Music genre classification is a task to classify audio clips into genres such as jazz, classical, etc. GTZAN is a music genre dataset containing 1000 30-second audio clips with 10 genres. In this codebase, we fine-tune PANNs [1] to build music classification systems.

Dataset

The dataset can be downloaded from http://marsyas.info/downloads/datasets.html

Run the code

0. Prepare data

Download and upzip data, the data looks like:

dataset_root
├── blues (100 files)
├── classical (100 files)
├── country (100 files)
├── disco (100 files)
├── hiphop (100 files)
├── jazz (100 files)
├── metal (100 files)
├── pop (100 files)
├── reggae (100 files)
└── rock (100 files)

1. Requirements

python 3.6 + pytorch 1.0

2. Then simply run:

$ Run the bash script ./runme.sh

Or run the commands in runme.sh line by line. The commands includes:

(1) Modify the paths of dataset and your workspace

(2) Extract features

(3) Train model

Model

A 14-layer CNN of PANNs is fine-tuned. We use 10-fold cross validation for GTZAN classification. That is, 900 audio clips are used for training, and 100 audio clips are used for validation.

Results

The system takes around 30 minutes to converge with a single card Tesla Tesla-V100 GPU card. Here is the result on 2nd fold. The results on different folds can be different.

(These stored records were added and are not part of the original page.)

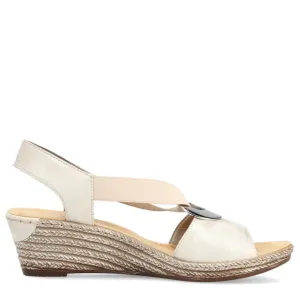 WOMEN'S 624H6 FANNI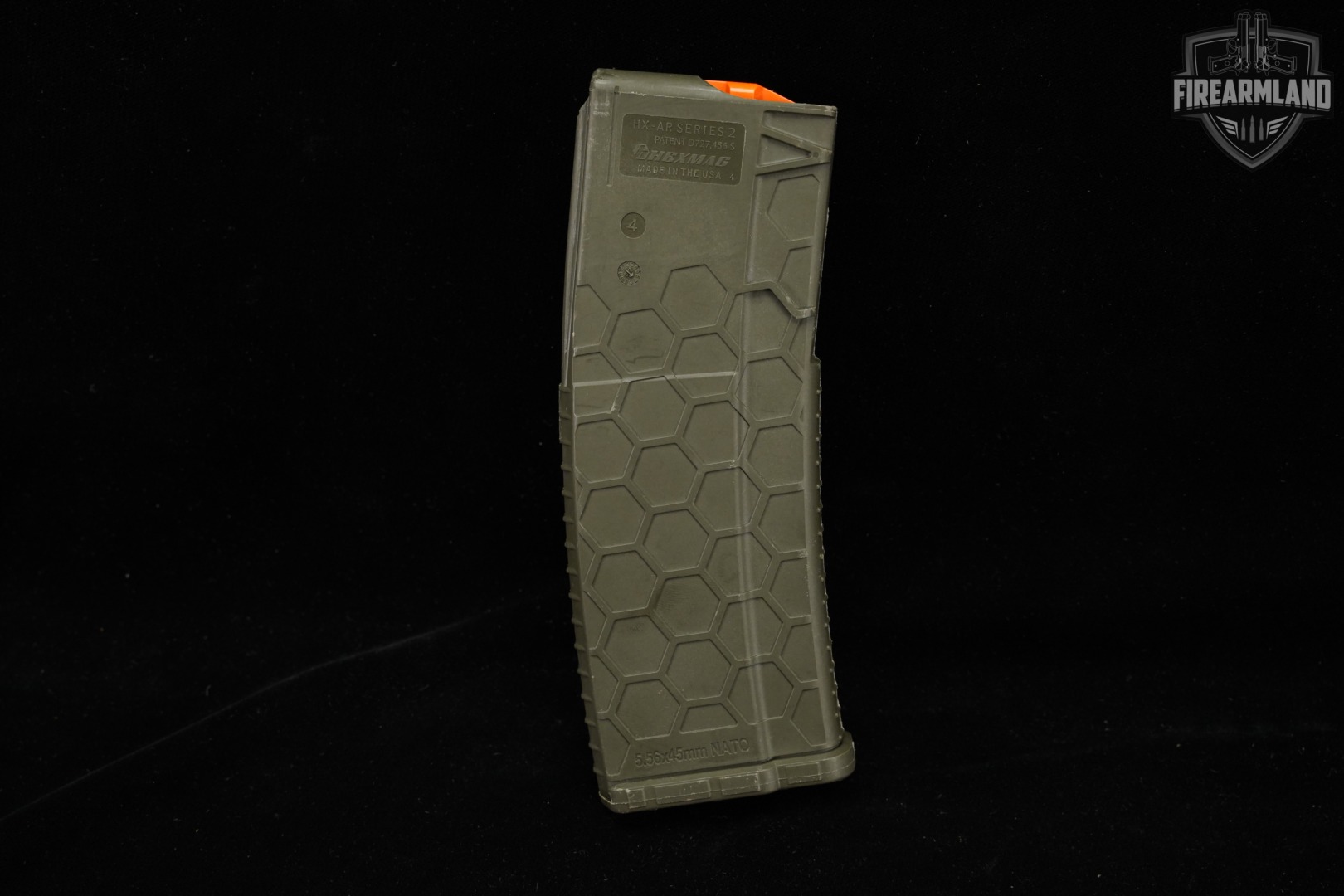 LWRC M6IC IC-A5 5.56 NATO AR-15 AR15 16.1" Grey M6 ICA5 Short-Stroke Piston-img-21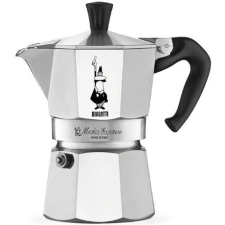 Bialetti 1168 MOKA EXPRESS kávéfőző kotyogós 2 személyes kávéfőző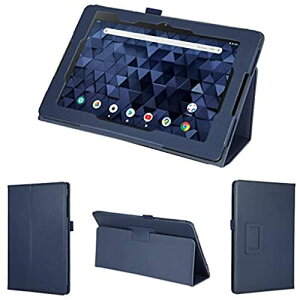 wisers KYOCERA ���Z�� KC-T302DT/ZU �P�[�X �J�o�[ 10.1�C���` ��p �^�u���b�g�P�[�X [2021 �N �V�^] �_�[�N�u���[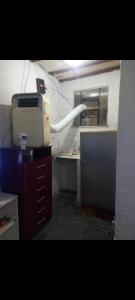 Im here in Rio de Janeiro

Namespace(augmentation='mixup', batch_size=32, cuda=True, dataset_dir='/home/tiger/datasets/GTZAN/dataset_root', filename='main', freeze_base=False, holdout_fold='2', learning_rate=0.0001, loss_type='clip_nll', mode='train', model_type='Transfer_Cnn14', pretrained_checkpoint_path='/home/tiger/released_models/sed/Cnn14_mAP=0.431.pth', resume_iteration=0, stop_iteration=10000, workspace='workspaces/panns_transfer_to_gtzan')
Using GPU.
Load pretrained model from /home/tiger/released_models/sed/Cnn14_mAP=0.431.pth
------------------------------------
Iteration: 200
Validate accuracy: 0.780
    Dump statistics to /home/tiger/workspaces/panns_transfer_to_gtzan/statistics/main/holdout_fold=2/Transfer_Cnn14/pretrain=True/loss_type=clip_nll/augmentation=mixup/batch_size=32/freeze_base=False/statistics.pickle
    Dump statistics to /home/tiger/workspaces/panns_transfer_to_gtzan/statistics/main/holdout_fold=2/Transfer_Cnn14/pretrain=True/loss_type=clip_nll/augmentation=mixup/batch_size=32/freeze_base=False/statistics_2020-07-12_16-53-42.pkl
Sun, 12 Jul 2020 16:57:55 main.py[line:165] INFO Train time: 244.052 s, validate time: 3.158 s
------------------------------------
...
------------------------------------
Iteration: 2000
Validate accuracy: 0.890
    Dump statistics to /home/tiger/workspaces/panns_transfer_to_gtzan/statistics/main/holdout_fold=2/Transfer_Cnn14/pretrain=True/loss_type=clip_nll/augmentation=mixup/batch_size=32/freeze_base=False/statistics.pickle
    Dump statistics to /home/tiger/workspaces/panns_transfer_to_gtzan/statistics/main/holdout_fold=2/Transfer_Cnn14/pretrain=True/loss_type=clip_nll/augmentation=mixup/batch_size=32/freeze_base=False/statistics_2020-07-12_16-53-42.pkl
Train time: 234.912 s, validate time: 4.188 s
Model saved to /home/tiger/workspaces/panns_transfer_to_gtzan/checkpoints/main/holdout_fold=2/Transfer_Cnn14/pretrain=True/loss_type=clip_nll/augmentation=mixup/batch_size=32/freeze_base=False/2000_iterations.pth
------------------------------------
...

Citation

[1] Kong, Qiuqiang, Yin Cao, Turab Iqbal, Yuxuan Wang, Wenwu Wang, and Mark D. Plumbley. "PANNs: Large-scale pretrained audio neural networks for audio pattern recognition." arXiv preprint arXiv:1912.10211 (2019).